The grumpy, introverted, Grinch first appeared in 1955 as part of an illustrated poem titled, ‘The Hoobub and the Grinch’ published for Redbook magazine. After the rousing success of The Cat in the Hat, Dr. Seuss was in the beginning stages of forming publication company Beginner Books. One of their first major releases was, of course, How the Grinch Stole Christmas in December 1957. The rhymed verse story gained instant critical praise, and 60 years later has become a staple for children at Christmas. Earning two successful film adaptations, the 1966 animated Christmas special and 2000’s live action film starring Jim Carrey as the notorious Grinch.

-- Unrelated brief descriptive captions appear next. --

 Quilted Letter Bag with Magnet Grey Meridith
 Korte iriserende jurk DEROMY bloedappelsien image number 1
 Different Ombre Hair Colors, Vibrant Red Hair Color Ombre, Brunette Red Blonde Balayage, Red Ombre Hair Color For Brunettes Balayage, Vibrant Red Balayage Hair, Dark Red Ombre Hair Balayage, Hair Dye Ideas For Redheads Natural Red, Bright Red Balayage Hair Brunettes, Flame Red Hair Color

The story tells the tale of a miserable Scrooge, disgusted by the neighboring town of Whoville’s love for Christmas. In an attempt to ruin the festive holiday, the Grinch steals every Christmas themed decoration from Whoville on Christmas eve. When the townspeople continue to celebrate the Grinch understands the nature of the holiday. Thus, returning all of the stolen goods and celebrating with the inhabitants of Whoville for a wonderful feast of roast beast as their guest of honour.

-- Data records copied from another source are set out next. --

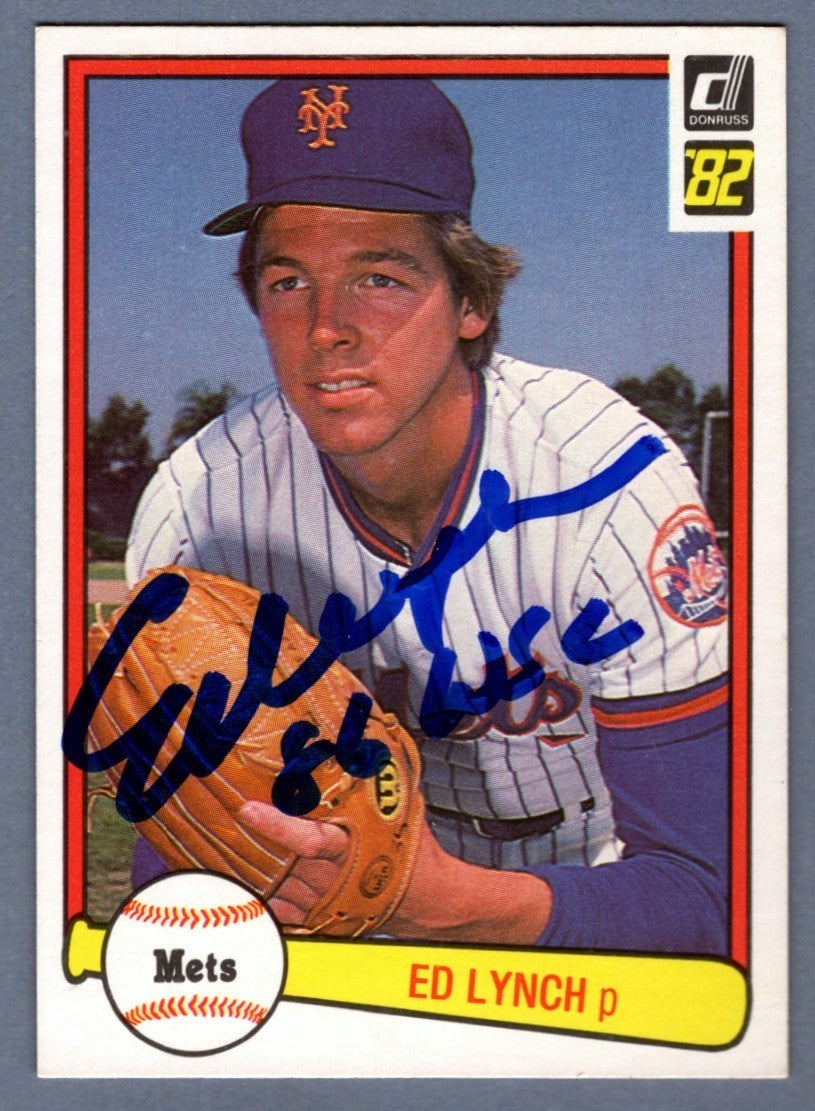 Ed Lynch Signed 1982 Donruss #641 Rookie RC w/ 86 WSC LSCM Authenticated New York Mets-Powers Sports Memorabilia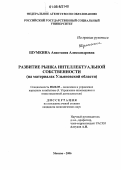 Шумкина, Анастасия Александровна. Развитие рынка интеллектуальной собственности: На материалах Ульяновской области: дис. кандидат экономических наук: 08.00.05 - Экономика и управление народным хозяйством: теория управления экономическими системами; макроэкономика; экономика, организация и управление предприятиями, отраслями, комплексами; управление инновациями; региональная экономика; логистика; экономика труда. Москва. 2006. 193 с.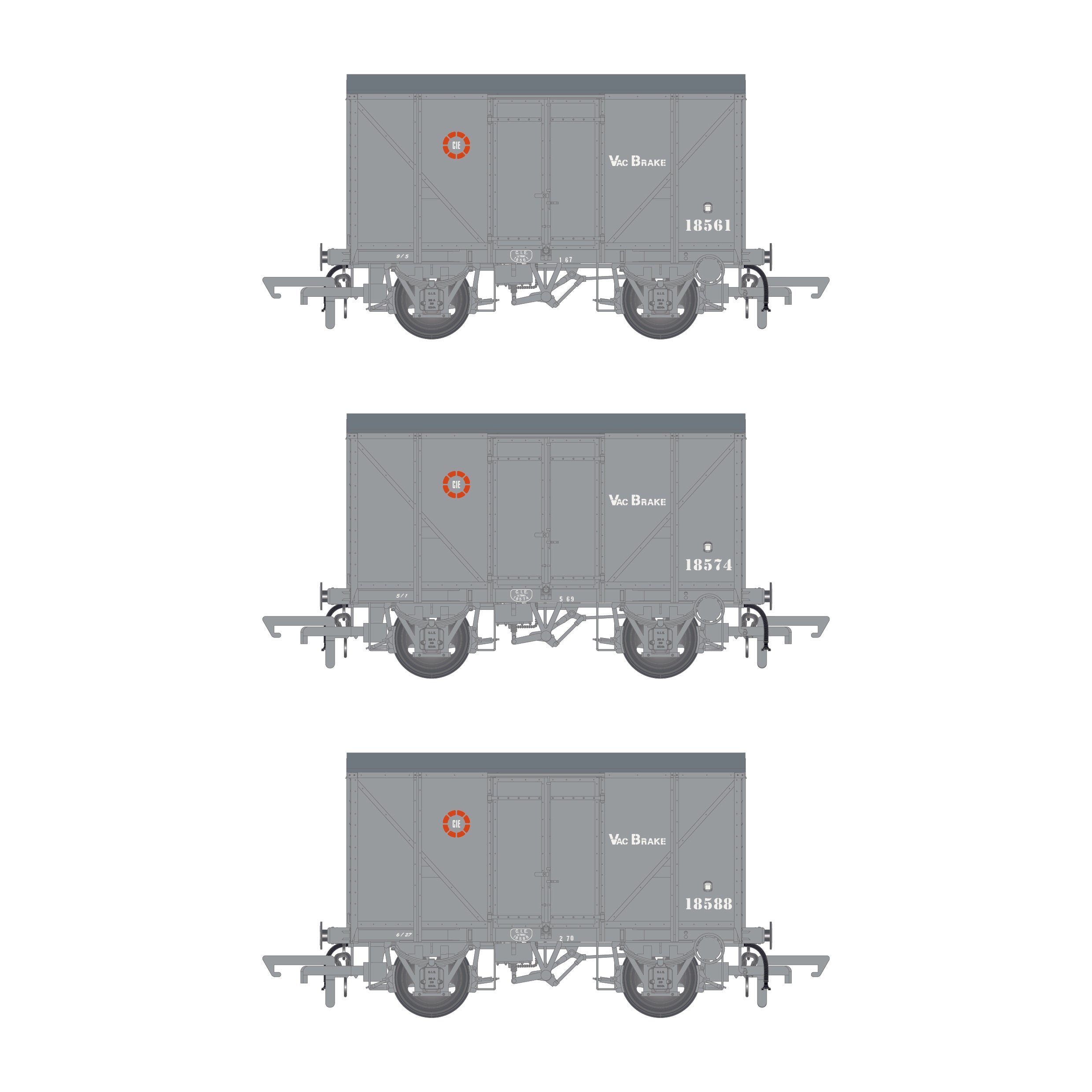 CIE Bulleid H Van - Grey (CIE roundel era) - vacuum fitted - Pack 2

The Grinch was not only the first adult to be cast as the main character in one of Dr. Seuss’s works, but also the first villain. The grumpy character was created from Dr. Seuss’s own feelings toward Christmas. In a Redbook magazine article about the poem he was quoted to say “I was brushing my teeth on the morning of the 26th of last December when I noticed a very Grinch-ish countenance in the mirror. It was Seuss! So I wrote about my sour friend, the Grinch, to see if I could rediscover something about Christmas that obviously I’d lost.” Further connections have been made that the Grinch was 53-years-old, the same age as Dr. Seuss while writing the story. And, Seuss’s own licence plate on his car was the word ‘GRINCH’.
The art, plot, and moral of the story are all in typical, magical, Seuss form. Highlighted by the use of Christmas colours and bringing this green monster into a cheerful world. The wonder of Dr. Seuss is something we have talked about many times on the Green Onion Blog with these articles here and here, and of course the great guest post from My Comic Relief and his insightful views on the timeless author. However, How the Grinch Stole Christmas is considered one of the top books from an author of over 40 published works. For good reason, with its humbling Christmas morals and some of his best pieces of art.
This holiday don’t forget to tuck your kids in with this classic. A winner for the whole family and a moral to warm your hearts on the cold nights. For being such a dastardly villain there is nothing to frightening or threatening about the Grinch himself. Especially since we all know he is a big softy on the inside.
Thanks booknerds, I am suddenly craving some who-roast-beast.